§ **Supplied material**:
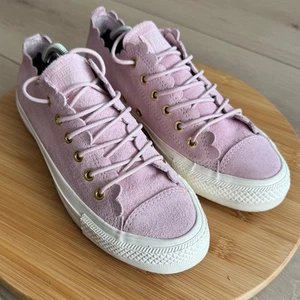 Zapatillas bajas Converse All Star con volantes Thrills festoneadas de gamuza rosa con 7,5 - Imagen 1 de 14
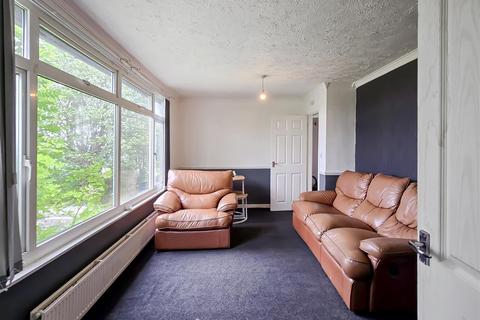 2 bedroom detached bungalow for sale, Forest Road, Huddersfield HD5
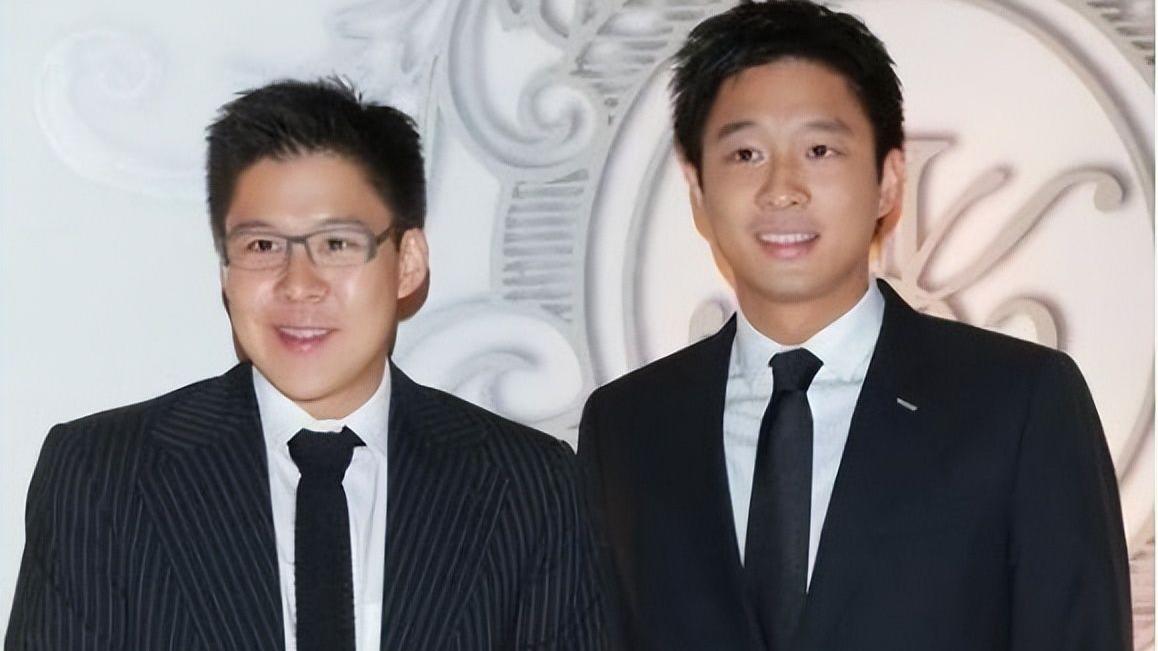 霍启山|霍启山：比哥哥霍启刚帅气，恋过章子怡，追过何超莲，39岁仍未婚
---
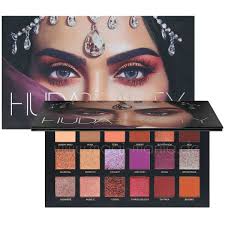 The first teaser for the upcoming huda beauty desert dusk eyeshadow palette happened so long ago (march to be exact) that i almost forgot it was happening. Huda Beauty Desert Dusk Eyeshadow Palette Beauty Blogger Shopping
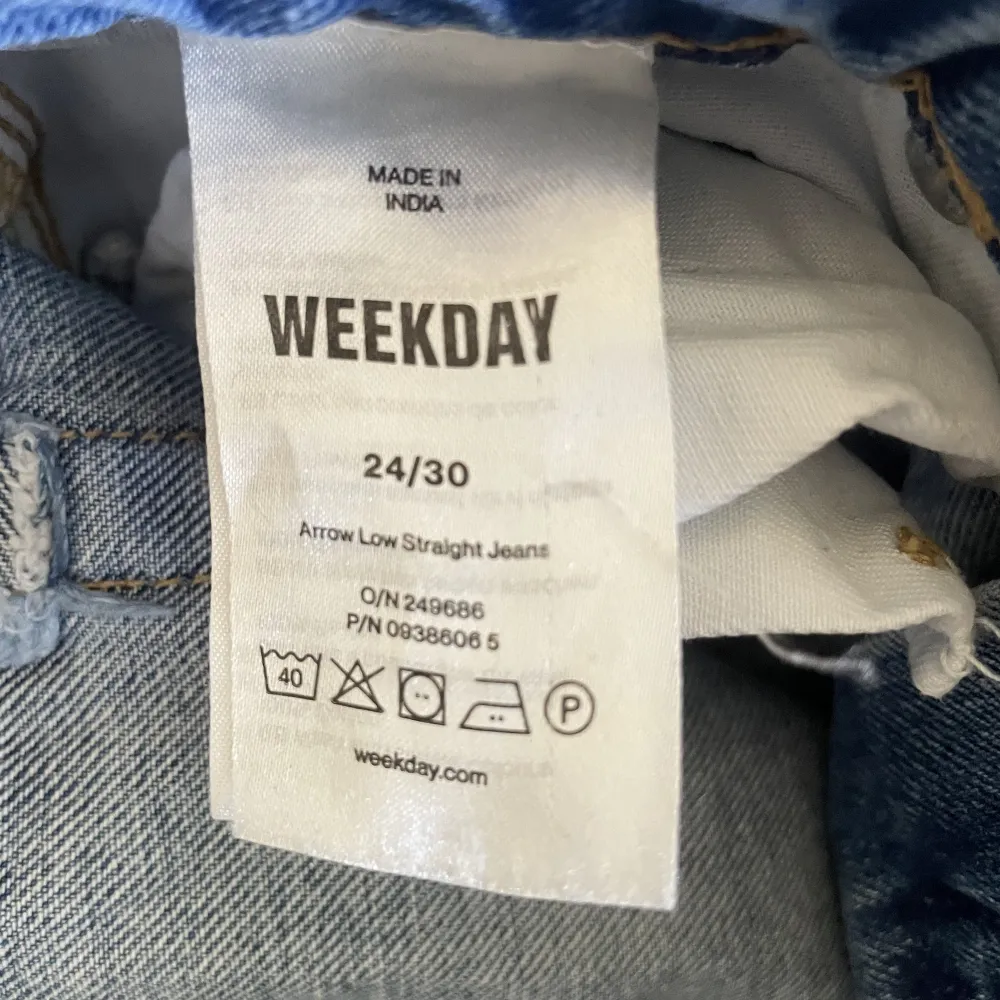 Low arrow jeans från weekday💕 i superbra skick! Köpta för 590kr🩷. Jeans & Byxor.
...
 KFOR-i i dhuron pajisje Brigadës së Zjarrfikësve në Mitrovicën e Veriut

§ **What you will do**: Range to print from the listing above: from the line with "Zapatillas bajas Converse" up to and including the line with "霍启山|霍启山：比哥哥霍启刚帅气，恋过章子怡，追过何超莲，39岁仍未婚". Please print those lines exactly, with no pictures and nothing more.

§ **The completed task**:
 Zapatillas bajas Converse All Star con volantes Thrills festoneadas de gamuza rosa con 7,5 - Imagen 1 de 14
 2 bedroom detached bungalow for sale, Forest Road, Huddersfield HD5
 霍启山|霍启山：比哥哥霍启刚帅气，恋过章子怡，追过何超莲，39岁仍未婚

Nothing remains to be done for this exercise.